As homenageadas desta primeira edição construíram trajetórias que articulam espiritualidade, cultura, educação e atuação política. Yalorixá do Ilê Axé Oxum Deym e liderança da Nação do Maracatu Encanto do Pina, Mãe Joana Cavalcante entrou para a história ao se tornar a primeira mulher a assumir o posto de Mestra de uma nação de maracatu no Brasil. Também fundou o movimento Baque Mulher, ampliando o protagonismo das mulheres na cultura popular por meio da percussão.
Já Mãe Maria Helena Sampaio, yalorixá, griot e idealizadora da Quinta-Nagô, consolidou uma trajetória dedicada à preservação do axé ao integrar espiritualidade, arte-educação e musicalidade. Sua atuação também a tornou uma importante referência na luta contra o racismo e a intolerância religiosa e na valorização da tradição Nagô em Pernambuco.
Além das homenageadas, participam da programação a Mãe-Mestra Maria da Quixaba e a Yakekerê Helaynne Sampaio Olefun, fortalecendo o diálogo entre diferentes gerações de mulheres que mantêm vivas as tradições dos povos de terreiro.
"O conhecimento não está apenas nos livros. Ele vive no corpo, na palavra, no toque do tambor, nos modos de cuidar, cantar, vestir, celebrar e viver em comunidade. A mostra nasce do desejo de reconhecer essa sabedoria e sua centralidade na formação cultural do país.

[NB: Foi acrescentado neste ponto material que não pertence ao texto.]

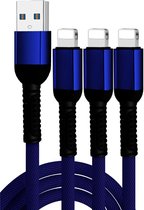 De Beste Gadgets Oplaadkabel 3 in 1 Blauw - Lightning/USB-C/MicroUSB 2.0m - iPhone Oplaadkabel - Samsung Oplaadkabel - Geschikt voor iPhone en Android telefoons en tablets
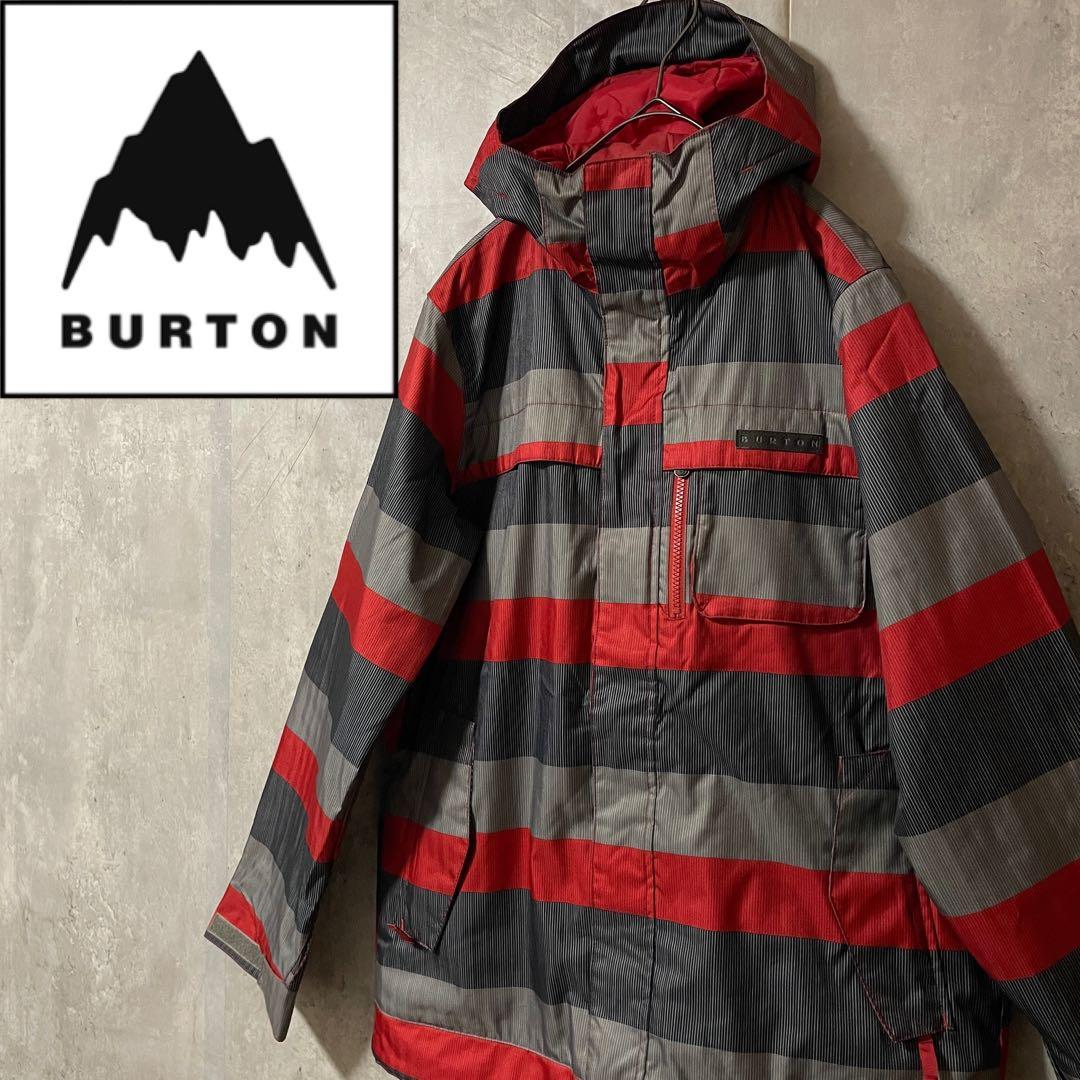 Burtonバートンスキーウェアスノーボードジャケットパーカー灰色グレー赤レッド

Também é um convite para refletir sobre os desafios enfrentados por mulheres negras, de terreiro e periféricas, afirmando seus direitos à cultura, à memória, à espiritualidade e à criação", afirma a curadoria.
A programação está organizada em três eixos: pela manhã, as rodas de conversa "Matrialidades da Música: Inaudíveis e Audíveis", à tarde, as oficinas formativas "Yorubantuquém" e, no início da noite, os pocket shows "Mães das Musicalidades Rituais", que celebram a força artística, espiritual e simbólica das mulheres de terreiro.
Durante toda a mostra, a Feira dos Povos reúne empreendedoras, artesãs, artistas e coletivos culturais, com apoio da Feira das Mulheres Pretas e da PeriFeira, promovendo o encontro entre o público e a economia do axé por meio de artesanato, arte indígena, gastronomia afro-brasileira e caribenha, literatura, moda e design.
A primeira edição da Mulher Tambor foi contemplada pelo Edital Mãe Gilda de Ogum, iniciativa do Ministério da Igualdade Racial em parceria com a Fundação Oswaldo Cruz (Fiocruz), voltada ao fortalecimento de ações desenvolvidas por terreiros e comunidades tradicionais de matriz africana em todo o país.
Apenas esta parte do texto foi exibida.